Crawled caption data
──────

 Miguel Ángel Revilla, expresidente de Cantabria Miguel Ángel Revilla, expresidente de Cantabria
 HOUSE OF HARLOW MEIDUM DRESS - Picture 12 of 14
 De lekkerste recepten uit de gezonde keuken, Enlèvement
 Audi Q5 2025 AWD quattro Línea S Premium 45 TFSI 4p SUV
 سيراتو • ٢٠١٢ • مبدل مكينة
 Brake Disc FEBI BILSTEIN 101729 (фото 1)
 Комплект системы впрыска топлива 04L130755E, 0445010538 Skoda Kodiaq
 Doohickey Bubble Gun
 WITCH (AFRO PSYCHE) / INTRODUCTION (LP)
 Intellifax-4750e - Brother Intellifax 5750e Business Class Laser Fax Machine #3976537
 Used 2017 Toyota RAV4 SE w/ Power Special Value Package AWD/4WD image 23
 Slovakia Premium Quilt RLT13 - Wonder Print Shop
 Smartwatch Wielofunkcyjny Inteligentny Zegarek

──────

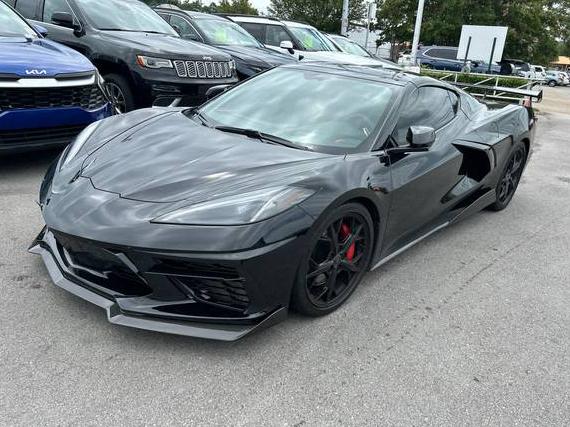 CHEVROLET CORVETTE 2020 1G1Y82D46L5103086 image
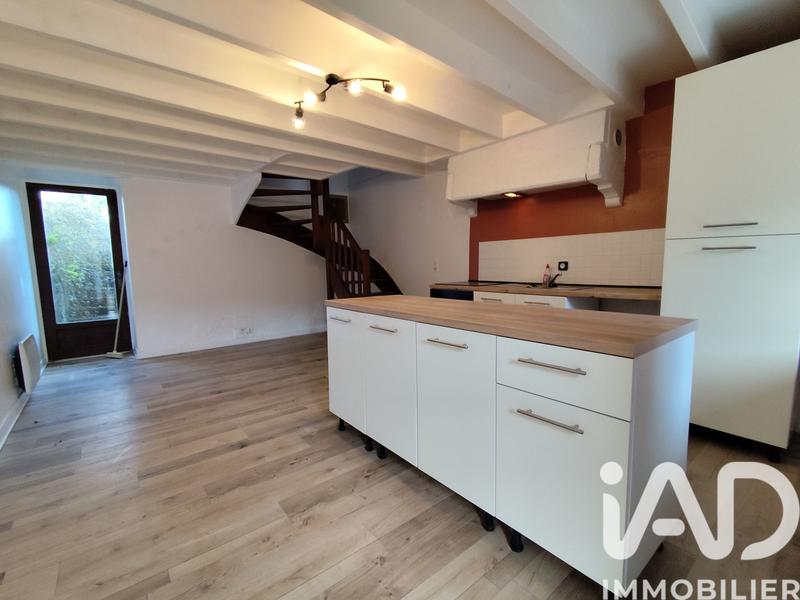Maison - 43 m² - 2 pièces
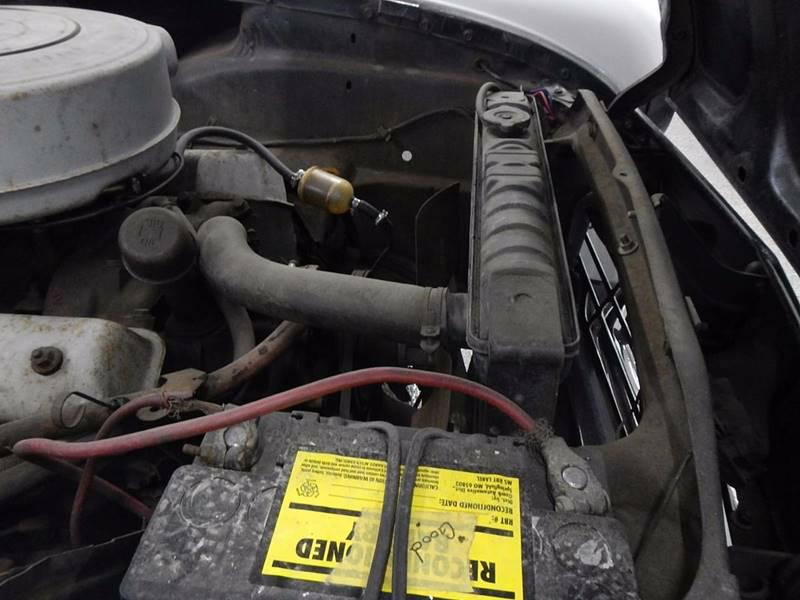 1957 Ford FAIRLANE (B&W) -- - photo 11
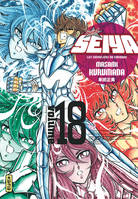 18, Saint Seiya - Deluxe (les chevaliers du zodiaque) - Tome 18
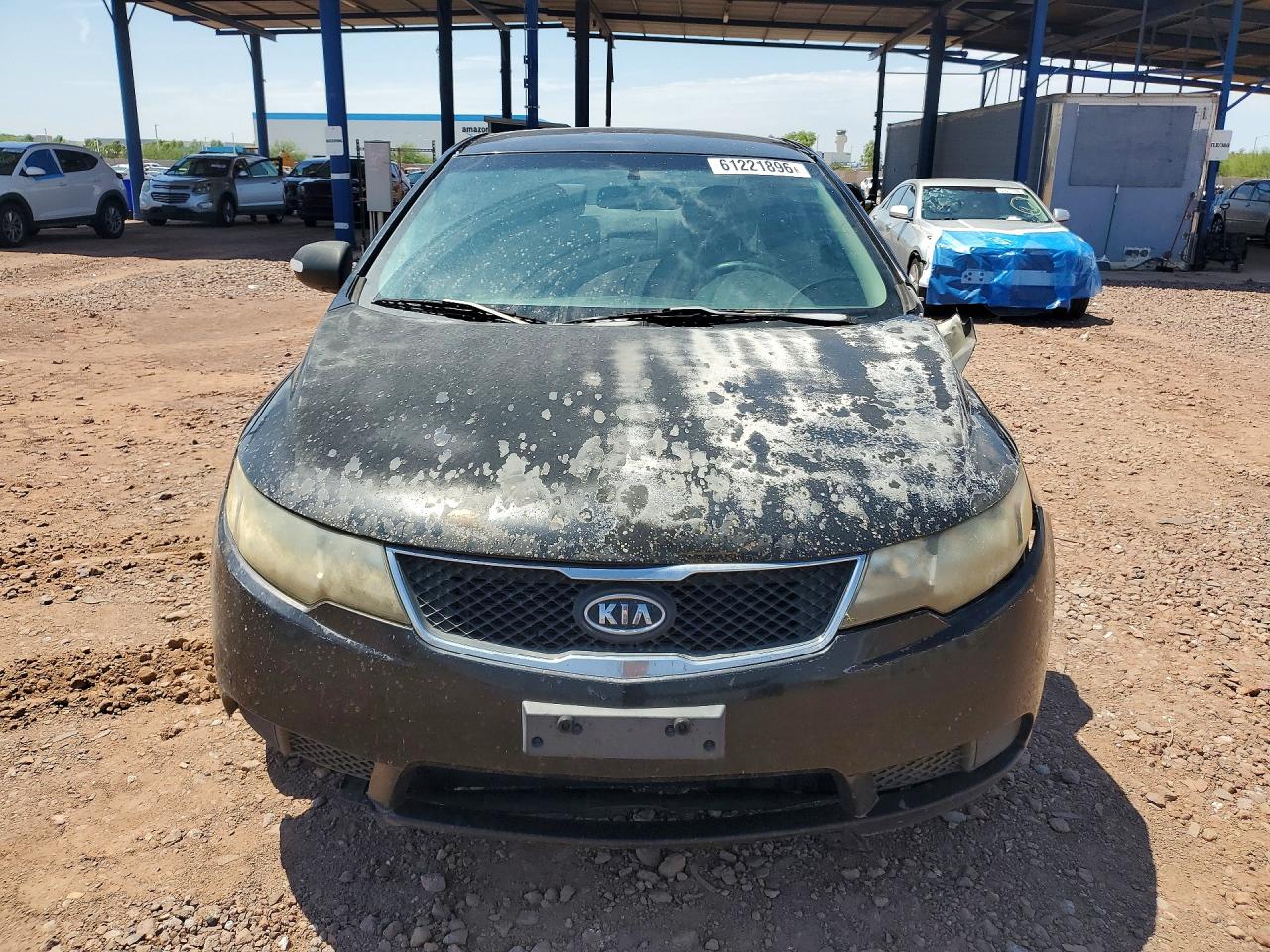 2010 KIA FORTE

──────

ACTIVITY
From the entries above, give again exactly the lines running from the line with "Комплект системы впрыска" to the line with "Smartwatch Wielofunkcyjny Inteligentny"; include both of those lines.

ANSWER TO THIS TASK
 Комплект системы впрыска топлива 04L130755E, 0445010538 Skoda Kodiaq
 Doohickey Bubble Gun
 WITCH (AFRO PSYCHE) / INTRODUCTION (LP)
 Intellifax-4750e - Brother Intellifax 5750e Business Class Laser Fax Machine #3976537
 Used 2017 Toyota RAV4 SE w/ Power Special Value Package AWD/4WD image 23
 Slovakia Premium Quilt RLT13 - Wonder Print Shop
 Smartwatch Wielofunkcyjny Inteligentny Zegarek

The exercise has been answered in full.